Clinical placements are your chance to take your skills from the classroom and apply them on the ward. Gail Adams offers advice on how to make the most of this valuable opportunity
Gail Adams is the head of nursing at UNISON, the largest healthcare trade union in the UK, with more than half a million members in a wide range of healthcare settings. With a clinical background in theatres, recovery and intensive care, she has been a student, mentor and a manager.
She says, “I have seen it from all angles, and there is no excuse or reason that I haven’t used or heard.” Most importantly, she enthuses, she loved her clinical placements and loved having students in her unit and managing them.
Gail’s top tips
- Once you know where your clinical placement is, work out how to get there and how much travel time you need. Contact the ward or department in advance through the switchboard and ask if you can just pop in to say hello and find out where it is. I liked to see students before the placement started - it always showed they had a keen interest.
- Make sure you turn up on time and in the correct uniform. Image is important - you are training to be a professional. That doesn’t mean everyone has to look the same, but you should be neat and tidy.
- Try not to start the placement with a list of which shifts you can and cannot do. Sometimes getting an inconvenient shift is unavoidable, especially if you also have to co-ordinate care arrangements. If you have a particular commitment, let the ward know, but be aware that you won’t be able to write your own shifts. Be selective and sensible in what you ask for - that way you are more likely to have your request granted.
- On your first day, make sure that a member of staff gives you a tour of the ward, unit or placement. Take notice or ask about the fire exits and emergency call system, including the cardiac arrest trolley. Ask about the types of procedures they undertake and who the patients are. Get to know your speciality.
- Be interested and ask staff to show you different procedures or advise you when something is happening that you would find it useful to observe. For example, what is the most common procedure or issue on that unit? Can they show it to you? The more placements you do, the more confident you’ll be in carrying out different procedures. Make sure you identify any gaps and ask to see those procedures performed so that you can build up experience and do them yourself.
- Don’t be afraid to get stuck into a task that may seem very menial on the face of it, such as bed making or tidying. These can be an ideal opportunity to talk to patients or staff and add to your learning and knowledge.
- It’s OK to say you can’t do something so don’t be afraid to say it. If you are asked to do a procedure that you haven’t seen or done before, you could say: “I am unable to do that as I haven’t seen it performed, perhaps I can observe you so that next time I will know how to do it,” or, “I haven’t seen that done, would you mind observing me as this is my first time?” There may be occasions when you are asked to do something that isn’t appropriate, such as when a doctor asks you to accept a new patient onto the ward as a new admission. This needs to be done by the person in charge as they will have a clear idea of the staffing and capacity at that time. In such cases, don’t be afraid of saying no, but explain why you can’t complete the task.
- Be open minded in your placements. You will like some more than others; try not to judge them too much - they are all different.
- Make a point of getting to know your colleagues and introducing yourself to everyone irrespective of who they are. You will be surprised about just how much you will learn from different people - the receptionist will be able to tell you a lot about systems and domestic staff often pick up information about patients and from other staff in the team who, together, play a vital role in delivering care.

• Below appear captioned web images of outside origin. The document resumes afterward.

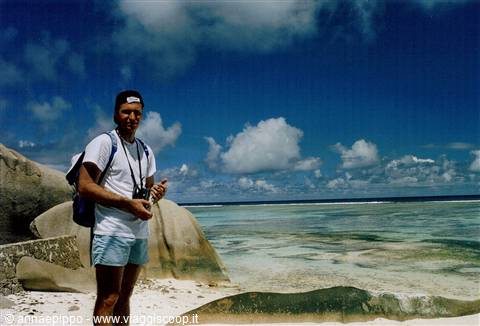 RO AT ANSE SOURCE D'ARGENT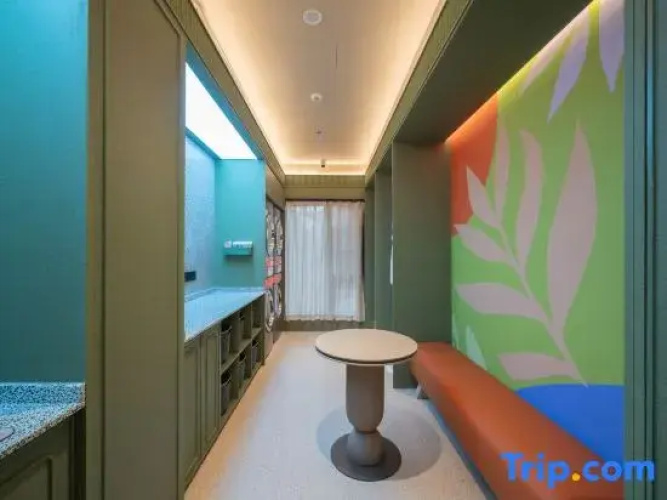 Orange Hotel (Kaifeng Millennium City Park Yingbin Gate)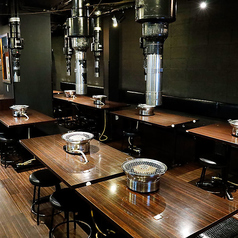 東急・JR蒲田と京急蒲田駅のちょうど中間。徒歩5分の好立地!!専用階段を下った地下1Fです！友人との飲み会や家族でのお食事、会社仲間との宴会にデートなど各種シチュエーションでのご利用大歓迎♪【蒲田 焼肉 黒毛和牛 A5ランク 一頭買い 食べ比べ コスパ 飲み放題 宴会 女子会 接待 歓送迎会 誕生日 記念日】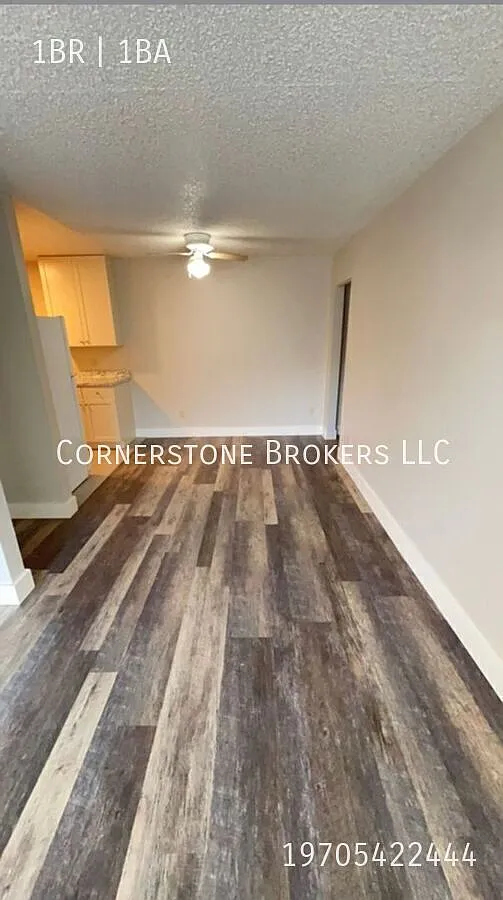 Building Photo - 333 Custer Ave #12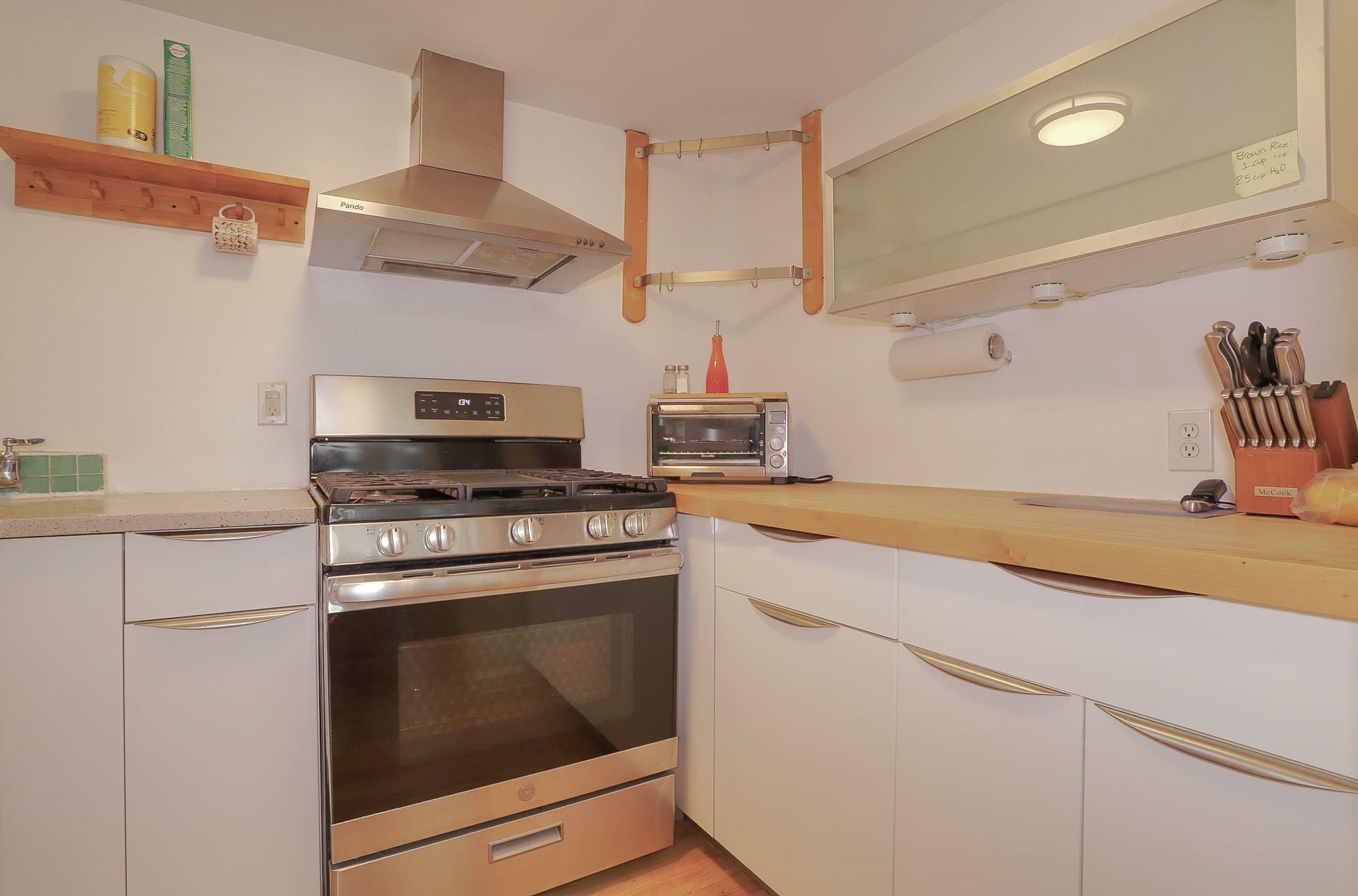 82 BLOOMFIELD ST Unit: 1B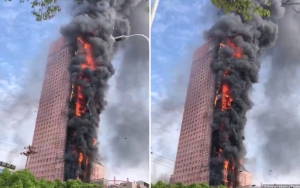 Gedung Pencakar Langit Setinggi 200 Meter di Changsha Tiongkok Dilalap Api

- Enjoy, question, learn and thank them at the end of the placement - even if it wasn’t your favourite. You will learn and gain experience in all placements.
- Sometimes problems emerge during placements; this can include relationships with mentors. It’s important to flag up any problems early on - don’t leave things, as this may undermine your learning and sign off. When problems emerge make a note of what’s worrying you most and speak to your mentor about it. If you feel your concerns are being ignored, you can raise them with the sister or with your tutor. You can also speak to a UNISON representative.
- Your placements should provide a good learning environment, where you are supported and encouraged to learn and develop. You should also use your placement to undertake pieces of reflection for your portfolio - pick something that has happened and do a piece of reflective practice.
- Start to think about your CV: what did you learn most from the placement, what particular skills and knowledge did you develop? Make a brief note and record it at home. When you finish your course, this information comes in very handy. When applying for jobs and putting together a comprehensive and interesting CV, people often underestimate what they know and what they have done so this kind of record can be very useful. Sometimes you will change placements frequently on your course but don’t forget these simple tools to survive. As a manager, I loved teaching students. When you enjoy your placement, it’s just as rewarding for teachers and managers as it is for you. Good luck in your studies.